How to define local functions in PHP?

Question

When I try to do this:

function a()
{
    function b() { }
}

a();
a();

I get Cannot redeclare b....
When I tried to do this:

function a()
{
    if(!isset(b))
        function b() { }
}

a();
a();

I get unexpected ), expected ....
How can I declare the function as local and to be forgotten of when a returns?

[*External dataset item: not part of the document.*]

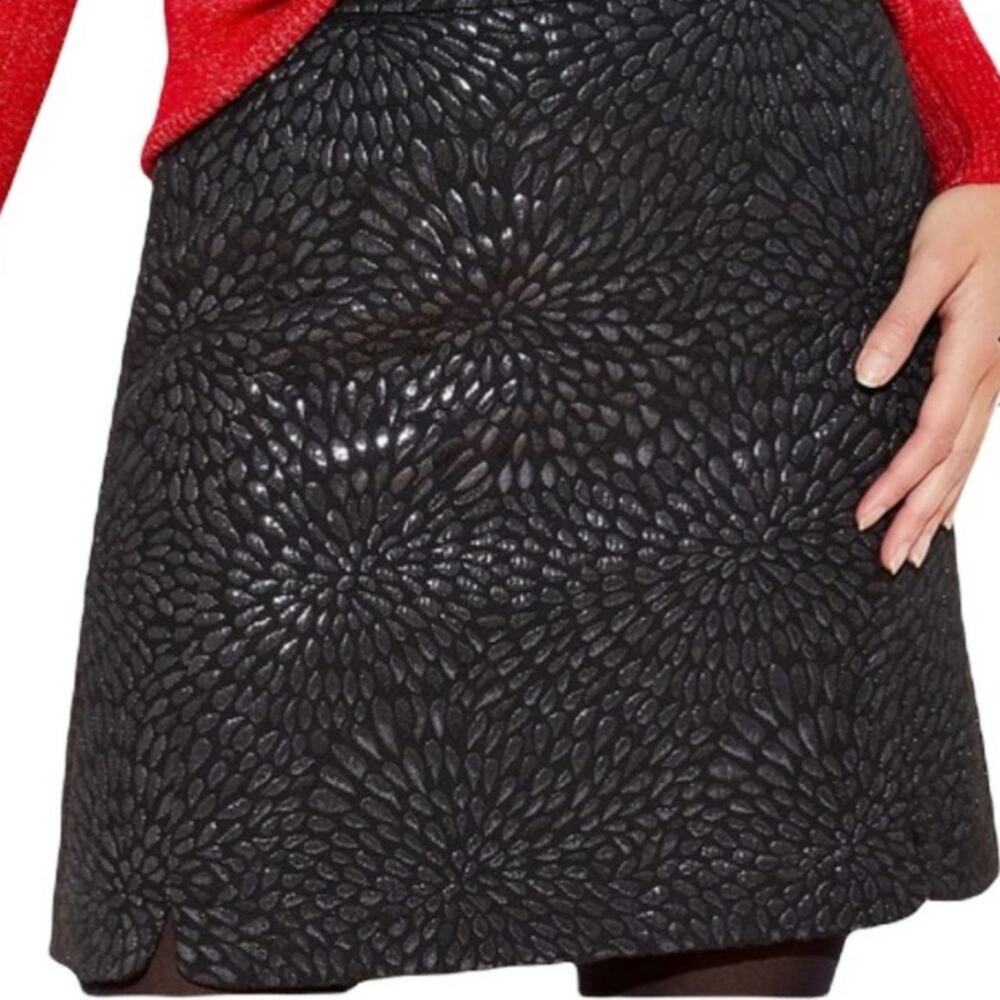 LOFT Shimmer Metallic A-line Mini Skirt Size 2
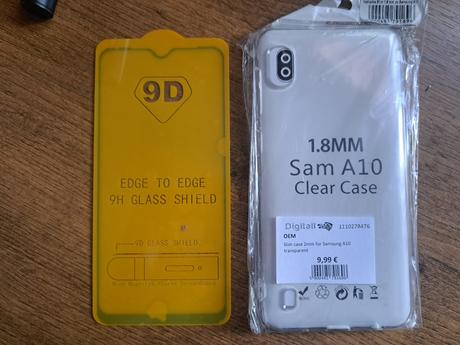 Kryt a sklo samsung galaxy a10, samsung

I need the function to pass it to array_filter.

Answer 1

The idea of "local function" is also named "function inside function" or "nested function"... The clue was in this page, anonymous function, cited by @ceejayoz and @Nexerus, but, let's explain!

1. In PHP only exist global scope for function declarations;
2. The only alternative is to use another kind of function, the anonymous one.

Explaining by the examples:

1. the function b() in function a(){ function b() {} return b(); } is also global, so the declaration have the same effect as function a(){ return b(); } function b() {}.

2. To declare something like "a function b() in the scope of a()" the only alternative is to use not b() but a reference $b(). The syntax will be something like function a(){ $b = function() { }; return $b(); }

PS: is not possible in PHP to declare a "static reference", the anonymous function will be never static.

See also:

• var functionName = function() {} vs function functionName() {} (ans)
• What are PHP nested functions for?